- State Seal of Myanmar
- Jurisdiction: Myanmar
- Established: 31 July 2025
- Dissolved: 10 April 2026

Formation and accountability
- Appointed by: National Defence and Security Council
- Responsible to: National Defence and Security Council

= State Security and Peace Commission =

Myanmar government body

The State Security and Peace Commission (နိုင်ငံတော်လုံခြုံရေးနှင့် အေးချမ်းသာယာရေးကော်မရှင်; abbrevaited SSPC or နလအ) was an advisory Myanmar government body appointed by the National Defence and Security Council that existed from 31 July 2025 to 10 April 2026, for a total of 8 months and 10 days.
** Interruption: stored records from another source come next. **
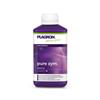 Plagron integratore enzimi PURE ZYM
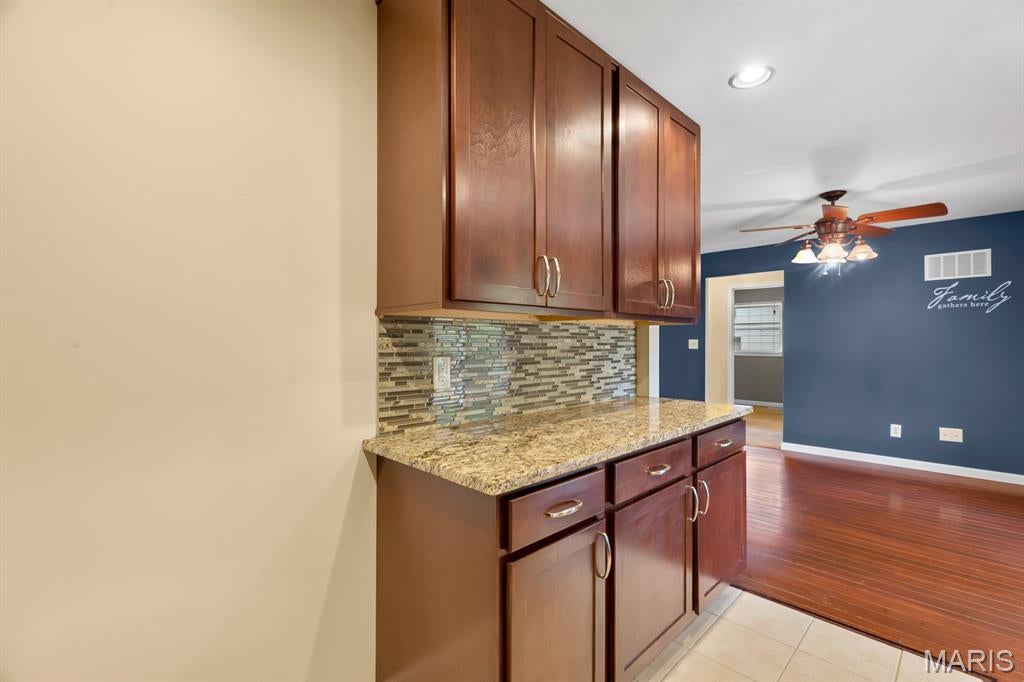 Westglen Woods 4 - Residential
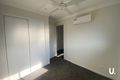 Property photo of 2/82 Talleyrand Circuit Greta NSW 2334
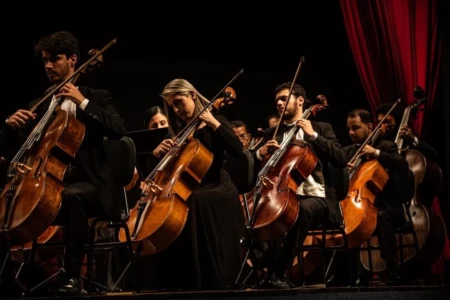Goiânia celebra Batismo Cultural da capital com concerto gratuito no Teatro Goiânia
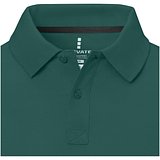 Poloshirt für Herren - Anria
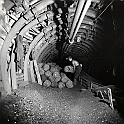 souvenirs en noir et blanc (557)
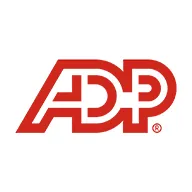 ADP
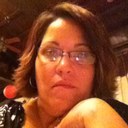 Sheila Winter - @sheila_winter - Twitter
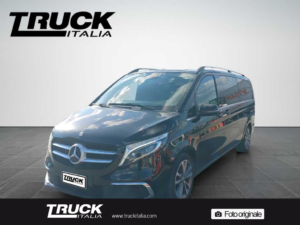 mercedes-benz-vc-classe-v-w447-2019-extralong-250-d-premium-auto-sku92006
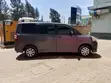 Toyota Noah 2011 Nyeusi - 5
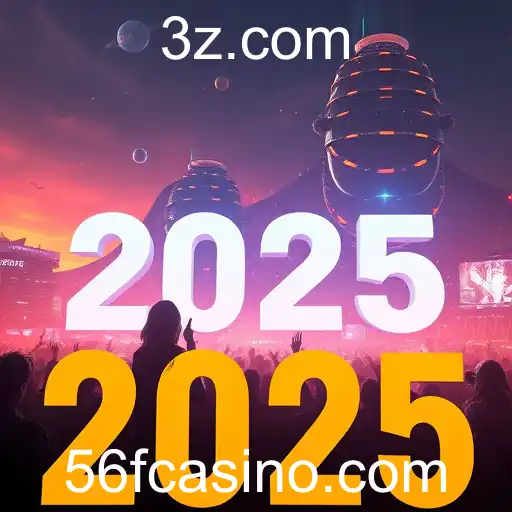 A Revolução no Mundo dos Jogos com 56F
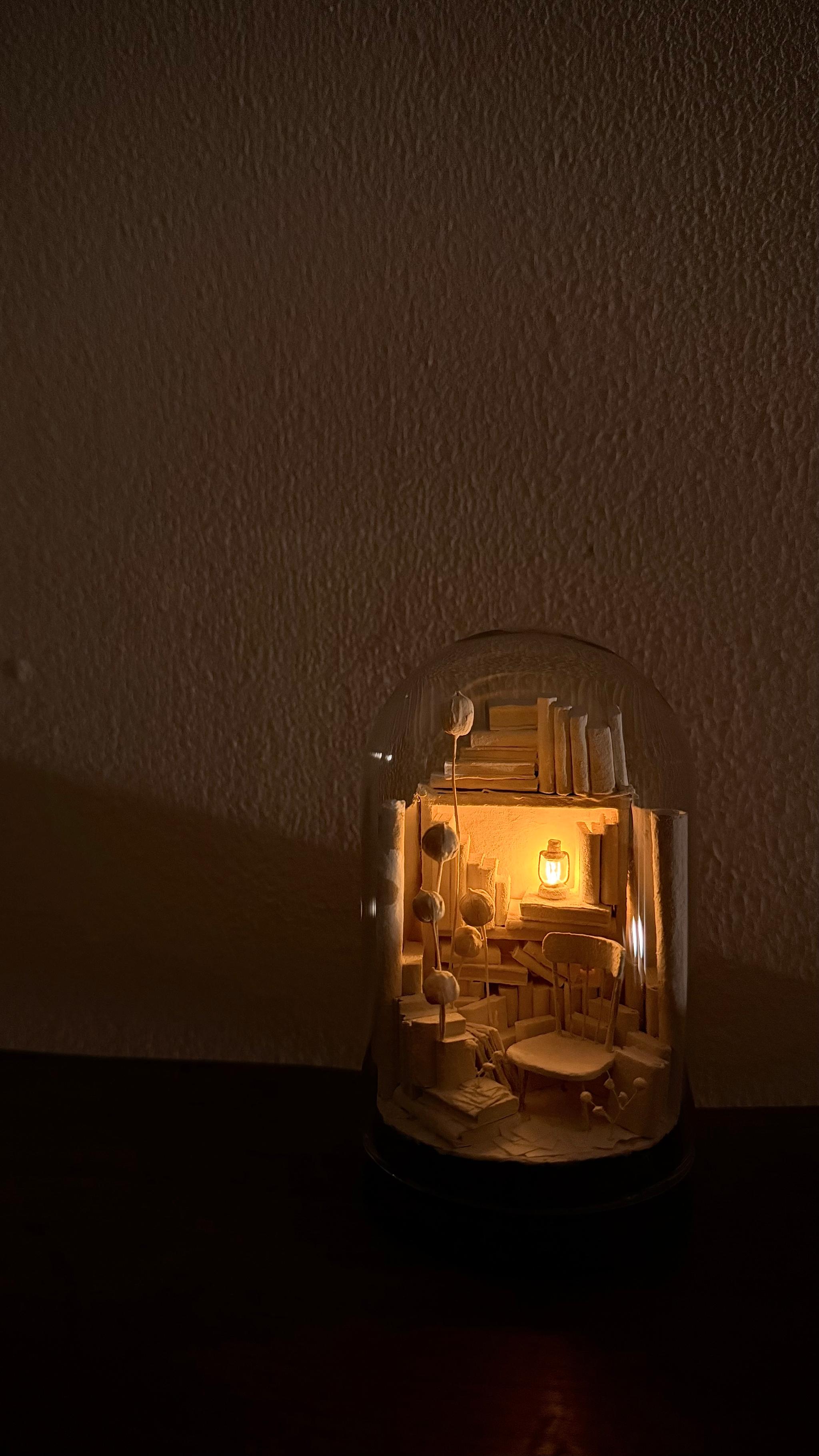 記憶の棲家　やすらぎ | 9枚目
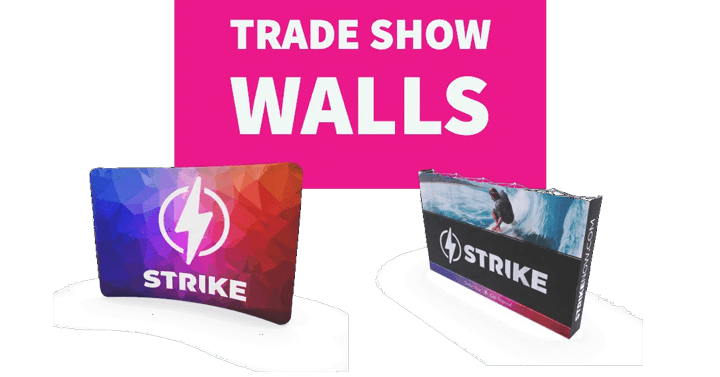 Trade-Show-Walls
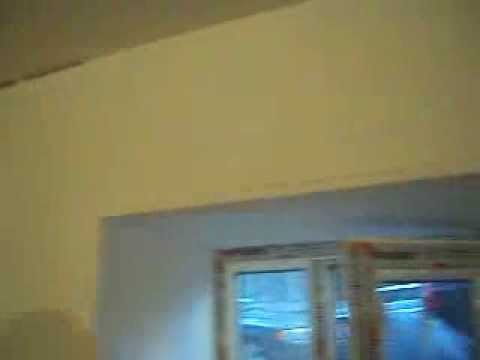 ქირავდება საოფისე ფართი საბურთალოზე -- Myclient.ge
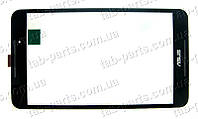 Asus FonePad 8 FE380CG, FE8030CX тачскрин (сенсор)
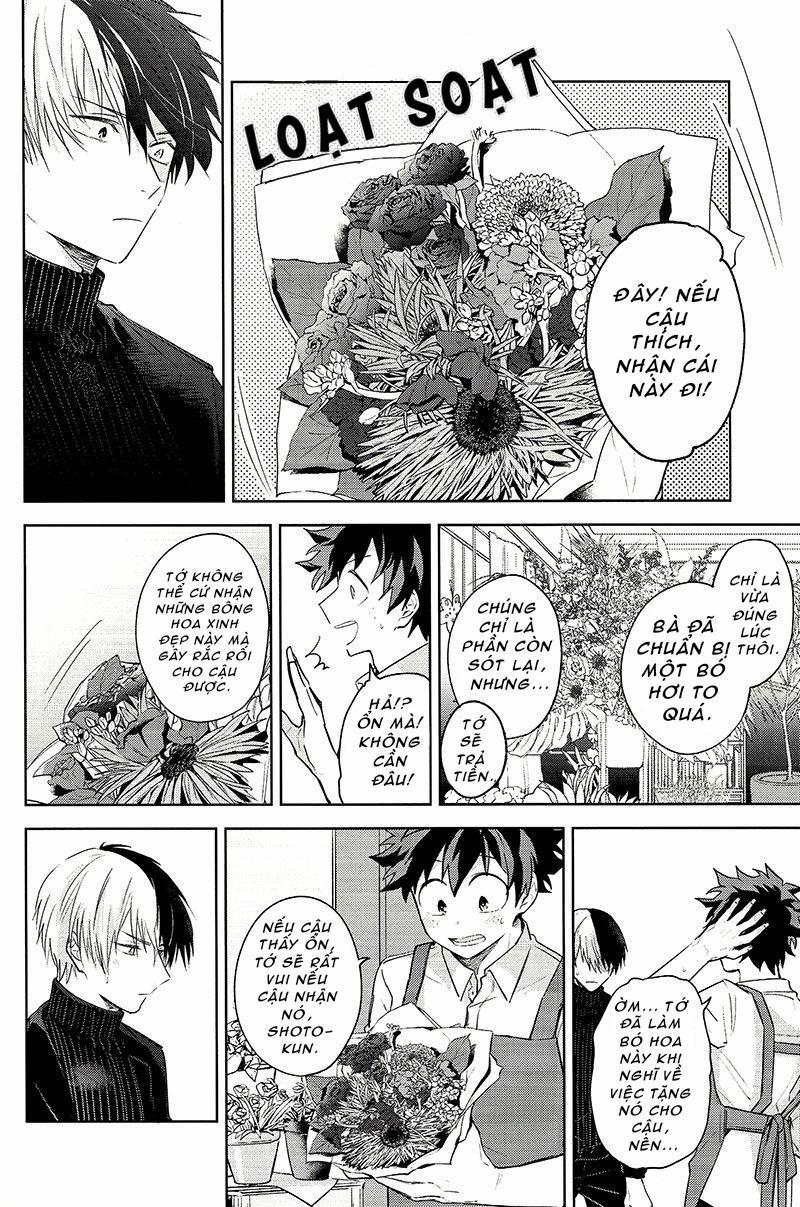 TỔNG HỢP ONESHORT BL CHỊT CHỊT 378 trang 28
It had no legal power over military operations, the law, or the executive branch, with all hard power resting with the NDSC. Its function was to assist military ruler Min Aung Hlaing in his governance in the lead-up to the 2025 Myanmar general election and the following transition, including through oversight of the Union Government and by formulating policy to be enacted by the NDSC. Min Aung Hlaing has ruled the country since seizing power in 2021, and exercised power through his role on the NDSC since the state of emergency expired in 2025 before the conclusion of the 2025-26 Myanmar general election.

The Commission was established by order No. 4/2025 of the NDSC under Section 427 of the 2008 Constitution of Myanmar, which gives the NDSC absolute power to determine the executive in between sessions of the legislature. The Commission's stated purpose was to ensure—through "guidance and coordination"—the election is held and a new elected administration is sworn in.

The SSPC did not replace the State Administration Council, which was the junta under the state of emergency. Rather, the SAC's powers were transferred back to the NDSC at the conclusion of the state of emergency, including the powers to enact legislation and appoint ministers. The SSPC instead served as a coordinating body for Min Aung Hlaing's top military deputies to formulate policy with him, which, if necessary, is enacted through the NDSC, and to oversee its implementation by the Union Government. Therefore, despite having nominally limited powers, the SSPC was stacked with a similar powerful membership to the makeup of the SAC, and its formation had been considered part of a cosmetic reordering of the existing power structure. The SSPC's key policy areas were the election, the economy, and preserving the Tatmadaw's central role in Myanmar's political system. Analysis by the Stimson Center described the SSPC as the state's "dominant political organ", in practice directing the Union Government's political strategy and election administration, though the Union Government nominally answers only to the NDSC. The SSPC had ten members, most of them being former members of the SAC. The opposition National Unity Government has designated the SSPC a terrorist organization, labeling it a continuation of the SAC. Min Aung Hlaing used the title of Chairman of the State Security and Peace Commission in formal diplomatic engagements.

== Membership ==

Only membership (31 July 2025 – 10 April 2026)
| No | Name | Role | Other positions held |
|---|---|---|---|
| 1 | Min Aung Hlaing | Chairman | Acting President of Myanmar; Commander-in-Chief of Defence Services; |
| 2 | Soe Win | Vice-Chairman | Deputy Commander-in-Chief of Defence Services |
| 3 | Nyo Saw | Member | Prime Minister; Union Minister for National Planning and Economic Development; |
| 4 | Aung Lin Dwe | Member | Chief Executive, Office of the NDSC |
| 5 | Maung Maung Aye | Member | Union Minister for Defence |
| 6 | Phone Myat | Member | Union Minister for Home Affairs |
| 7 | Than Swe | Member | Union Minister for Foreign Affairs |
| 8 | Yar Pyae | Member | Union Minister for Border Affairs |
| 9 | Kyaw Swar Lin | Member | Armed Forces Joint Chief of Staff |
| 10 | Ye Win Oo | Secretary | Joint Chief Executive, Office of the NDSC |

== Dissolution ==
The State Security and Peace Commission was officially dissolved following the swearing in of Min Aung Hlaing as president of Myanmar on 10 April 2026.